Re: problem on nfsd doing RDMA write

Chuck Lever <chuck.lever@xxxxxxxxxx> · Wed, 31 Jan 2018 16:52:31 -0500

> On Jan 31, 2018, at 4:42 PM, Olga Kornievskaia <aglo@xxxxxxxxx> wrote:
> 
> On Wed, Jan 31, 2018 at 4:13 PM, Chuck Lever <chuck.lever@xxxxxxxxxx> wrote:
>> 
>> 
>>> On Jan 31, 2018, at 2:51 PM, Chuck Lever <chuck.lever@xxxxxxxxxx> wrote:
>>> 
>>> 
>>> 
>>>> On Jan 31, 2018, at 1:52 PM, Olga Kornievskaia <aglo@xxxxxxxxx> wrote:
>>>> 
>>>> On Wed, Jan 31, 2018 at 1:29 PM, Chuck Lever <chuck.lever@xxxxxxxxxx> wrote:
>>>>> 
>>>>> 
>>>>>> On Jan 30, 2018, at 12:02 PM, Olga Kornievskaia <aglo@xxxxxxxxx> wrote:
>>>>>> 
>>>>>> On Mon, Jan 29, 2018 at 12:24 PM, Chuck Lever <chuck.lever@xxxxxxxxxx> wrote:
>>>>>>> 
>>>>>>> 
>>>>>>>> On Jan 29, 2018, at 12:19 PM, Olga Kornievskaia <aglo@xxxxxxxxx> wrote:
>>>>>>>> 
>>>>>>>> On Fri, Jan 26, 2018 at 4:08 PM, Chuck Lever <chuck.lever@xxxxxxxxxx> wrote:
>>>>>>>>> 
>>>>>>>>> 
>>>>>>>>>> On Jan 26, 2018, at 12:13 PM, Olga Kornievskaia <aglo@xxxxxxxxx> wrote:
>>>>>>>>>> 
>>>>>>>>>> On Fri, Jan 26, 2018 at 2:29 PM, Chuck Lever <chuck.lever@xxxxxxxxxx> wrote:
>>>>>>>>>>> 
>>>>>>>>>>> 
>>>>>>>>>>>> On Jan 26, 2018, at 11:05 AM, Olga Kornievskaia <aglo@xxxxxxxxx> wrote:
>>>>>>>>>>>> 
>>>>>>>>>>>> On Fri, Jan 26, 2018 at 1:23 PM, Chuck Lever <chuck.lever@xxxxxxxxxx> wrote:
>>>>>>>>>>>>> 
>>>>>>>>>>>>> 
>>>>>>>>>>>>>> On Jan 26, 2018, at 9:24 AM, Olga Kornievskaia <aglo@xxxxxxxxx> wrote:
>>>>>>>>>>>>>> 
>>>>>>>>>>>>>> Hi Bruce/Chuck,
>>>>>>>>>>>>>> 
>>>>>>>>>>>>>> There is a problem with nfsd doing a WRITE of size 4093,4094,4095. To
>>>>>>>>>>>>>> reproduce, mount with RDMA and do a simple dd "dd if=/dev/zero
>>>>>>>>>>>>>> of=/mnt/testfile bs=4093 count=1". What happens is that nfsd fails to
>>>>>>>>>>>>>> parse GETATTR after the WRITE in the compound.
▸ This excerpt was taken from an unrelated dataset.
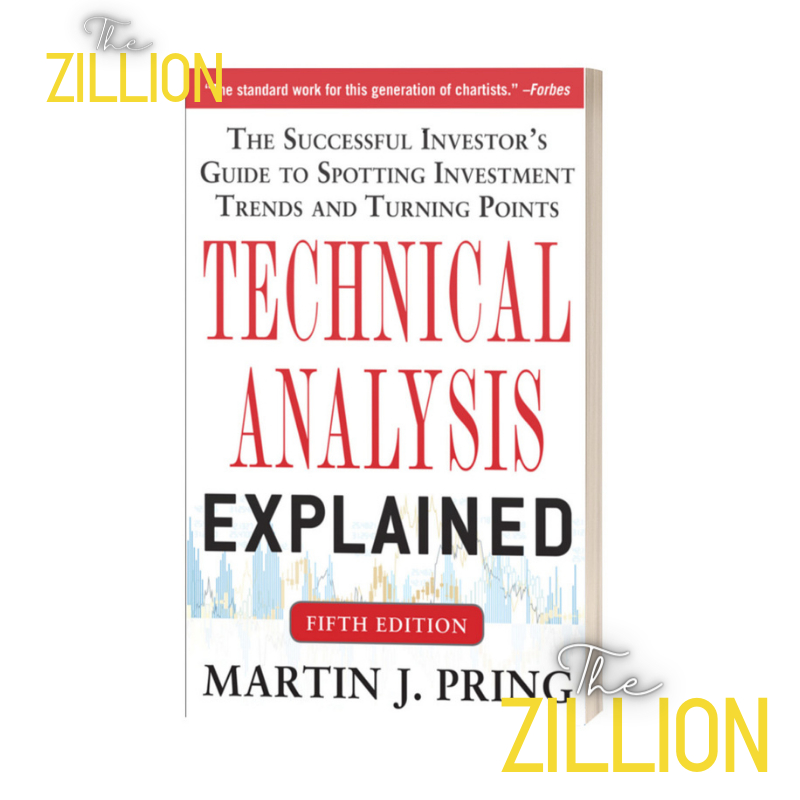 Technical Analysis Explained | Shopee Malaysia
It fails the operation
>>>>>>>>>>>>>> with ERR_OP_ILLEGAL.
>>>>>>>>>>>>>> 
>>>>>>>>>>>>>> The problem happens for the values where XDR round up ends up rounding
>>>>>>>>>>>>>> up to the page size. I don't know if my fix is the appropriate way to
>>>>>>>>>>>>>> fix this but with it I don't get the error:
>>>>>>>>>>>>>> 
>>>>>>>>>>>>>> diff --git a/fs/nfsd/nfs4xdr.c b/fs/nfsd/nfs4xdr.c
>>>>>>>>>>>>>> index 2c61c6b..a8489c3 100644
>>>>>>>>>>>>>> --- a/fs/nfsd/nfs4xdr.c
>>>>>>>>>>>>>> +++ b/fs/nfsd/nfs4xdr.c
>>>>>>>>>>>>>> @@ -1289,11 +1289,12 @@ static __be32 nfsd4_decode_opaque(struct nfsd4_compounda
>>>>>>>>>>>>>> 
>>>>>>>>>>>>>> len = XDR_QUADLEN(write->wr_buflen) << 2;
>>>>>>>>>>>>>> if (len >= avail) {
>>>>>>>>>>>>>> -               int pages;
>>>>>>>>>>>>>> +               int pages = 0;
>>>>>>>>>>>>>> 
>>>>>>>>>>>>>>         len -= avail;
>>>>>>>>>>>>>> 
>>>>>>>>>>>>>> -               pages = len >> PAGE_SHIFT;
>>>>>>>>>>>>>> +               if (write->wr_buflen >= PAGE_SIZE)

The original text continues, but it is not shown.